Wejo Studio was designed to visualise traffic behaviour in real-time, to enable traffic managers, city planners and government agencies to optimise their transport strategies. This case study shows various aspects of the platform, and how I approached them from a UX perspective.
As part of the structure and architecture of Wejo Studio as a portal, we included single sign-on (SSO) and two-factor authentication (2FA) for sign-in, as described in the user flow and wireframes below. This was the very first user flow created for Wejo Studio and informed not only the user journey for accessing the portal, but also helped to inform the basics of how the wider platform would be built from an engineering perspective.
User flow & wireframes: Sign in
Production-ready screens
Intersection Performance is a product which enables traffic managers to see real-time and historic vehicle behaviour at intersections across the entire United States road network, visualising this data in a clear and easily-accessible way. This was the first product of its kind, literally replacing manual road-side counts that are compiled in to reports.
Our early work on this product was informed by interviews with traffic managers to validate our early decisions and find gaps in our knowledge and understanding. From these interviews, we identified the key tasks that traffic managers carry out, how they do it and what they were most interested in to be able to do their job. Working with Business Analysts and product teams, I developed user flows and wireframes to discover how these tasks would manifest as a digital experience within the platform structure. I then created prototypes which we tested internally and with the traffic managers in a regular cycle of iteration.

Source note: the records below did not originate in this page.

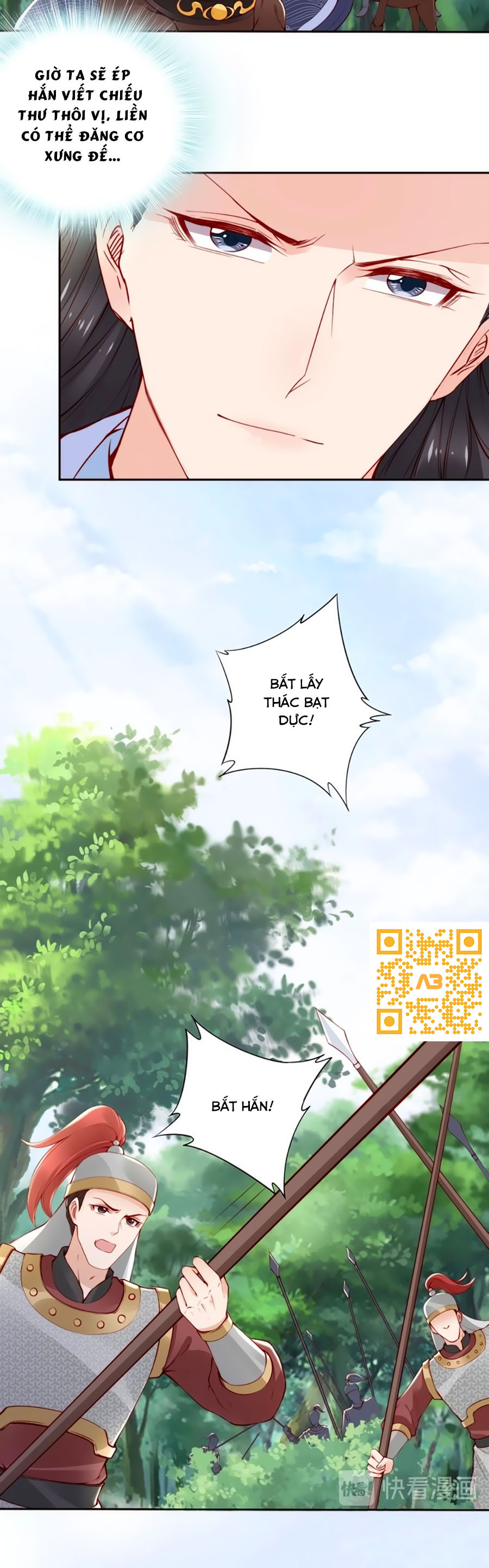 đế cung đông hoàng phi chapter 67 12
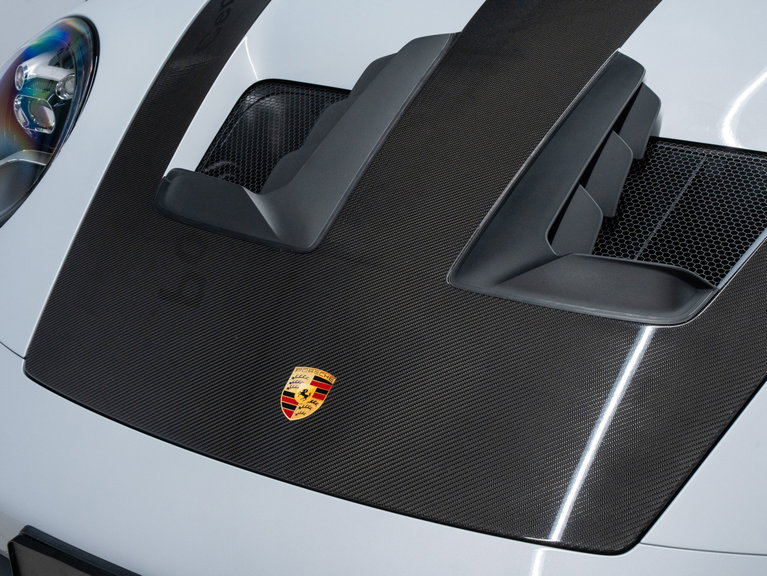 Porsche 992 GT3 RS
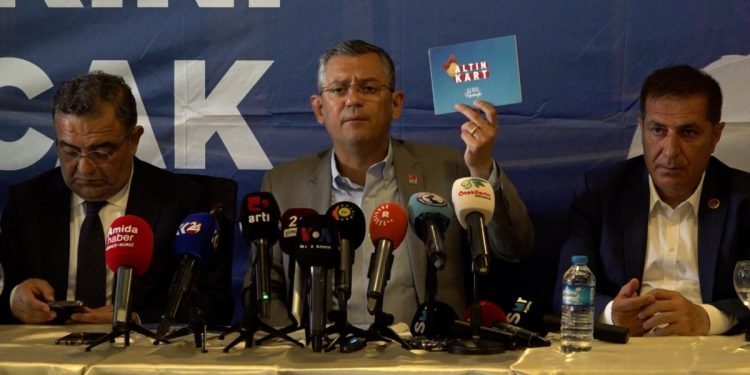 Özgür Özel: “AK Parti Erzurum Saldırısını Kurumsal Olarak Sahiplendi”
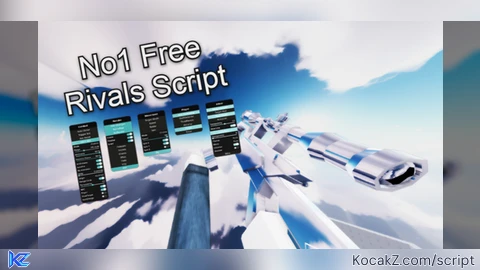 Modern *UNDETECTED* - Verified script for RIVALS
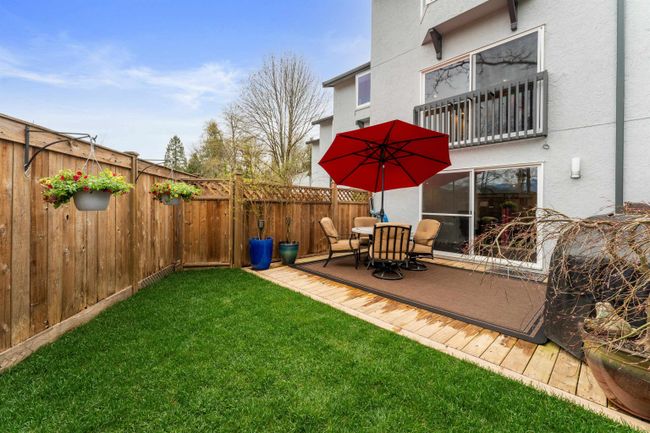 156 James Road, Townhouse with 3 bedrooms, 2 bathrooms and 2 parking in Port Moody BC | Image 24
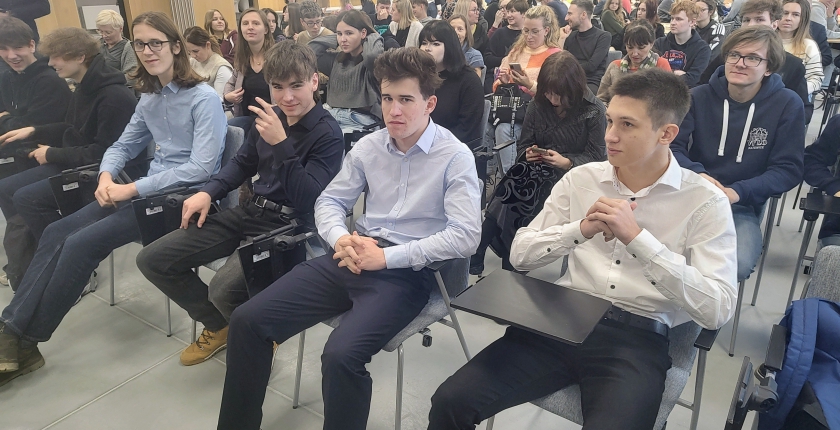 Finał konkursu biznesowego 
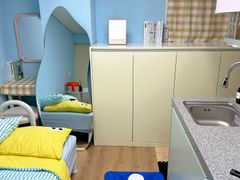 🍭Newly built, fully furnished house 3th image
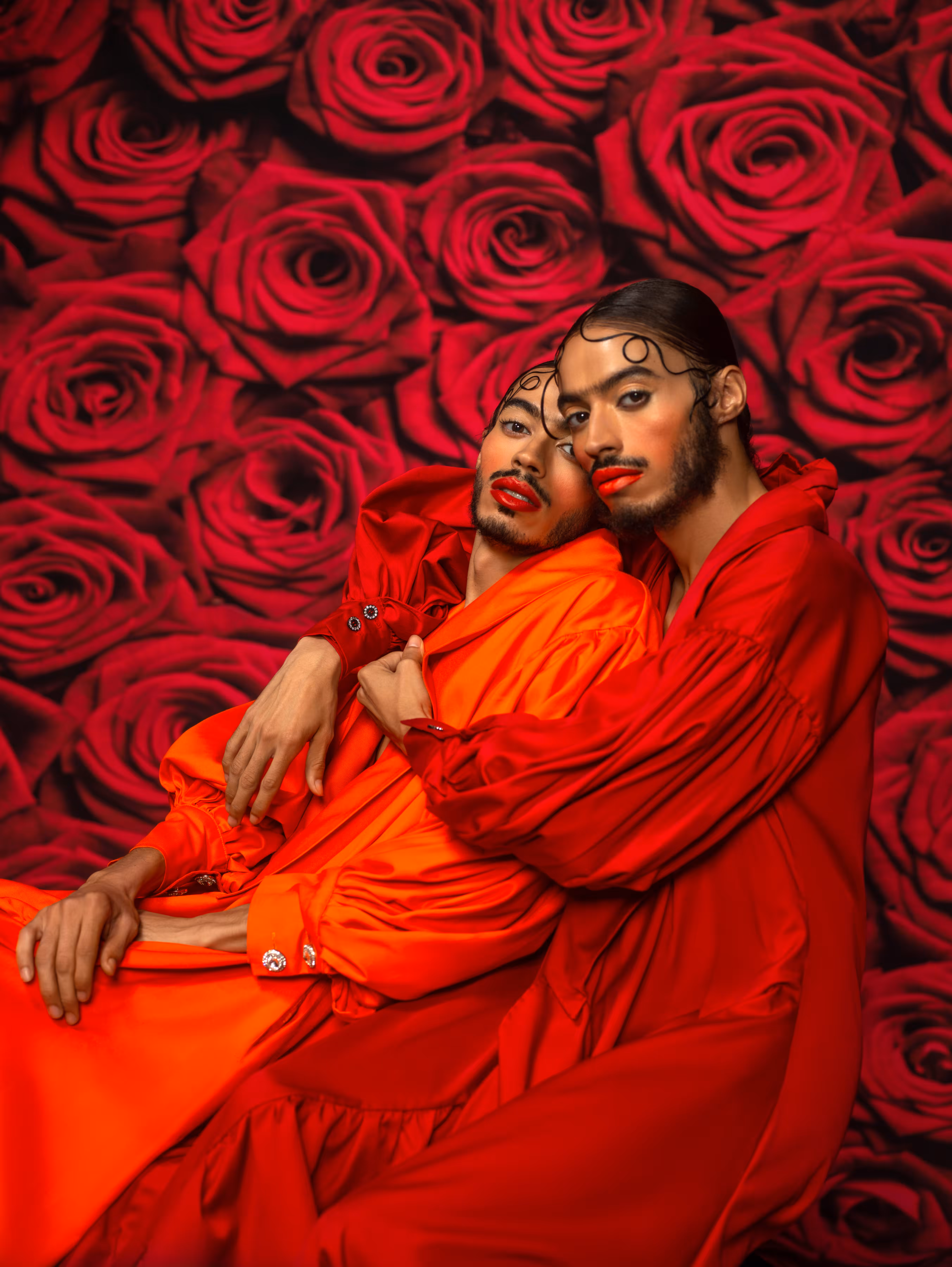 The Two Fridas - TWO MEN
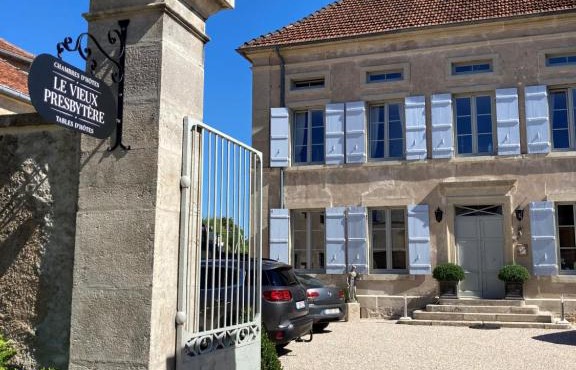 Le vieux presbytère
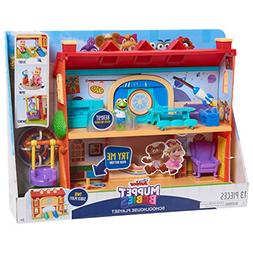 MUPPET BABIES PLAY HOUSE PLAYSET - Toyworld Frankston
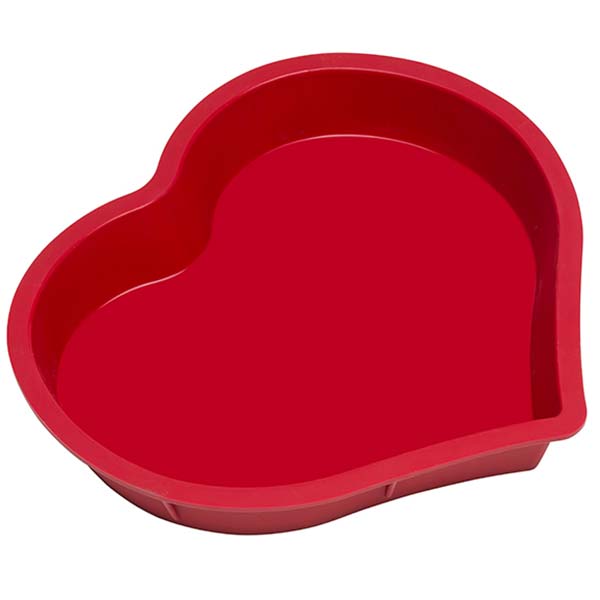 Форма для выпекания (силикон) Oursson BW2600S/RR (Красный)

User flow: Configuring insights dashboard
Production-ready screens
We faced a unique question of how live data of a traffic intersection should be visualised. The aim was to visualise traffic intersections in a clear, consistent and intuitive manner, no matter the complexity of the intersection and traffic movement (from simple suburban junctions to major interchanges, freeway merging and U-turns). It was as much a challenge for the engineering team as it was for design, with AI and machine learning used to define exit and entry points.
Working within these technical confines, I explored many visual solutions to find a simple, elegant, uniform solution which could be applied to any intersection across the US road network. This exploration involved hand-drawing over random intersections from Google Maps and inspiration from HUD graphics from sat-nav systems.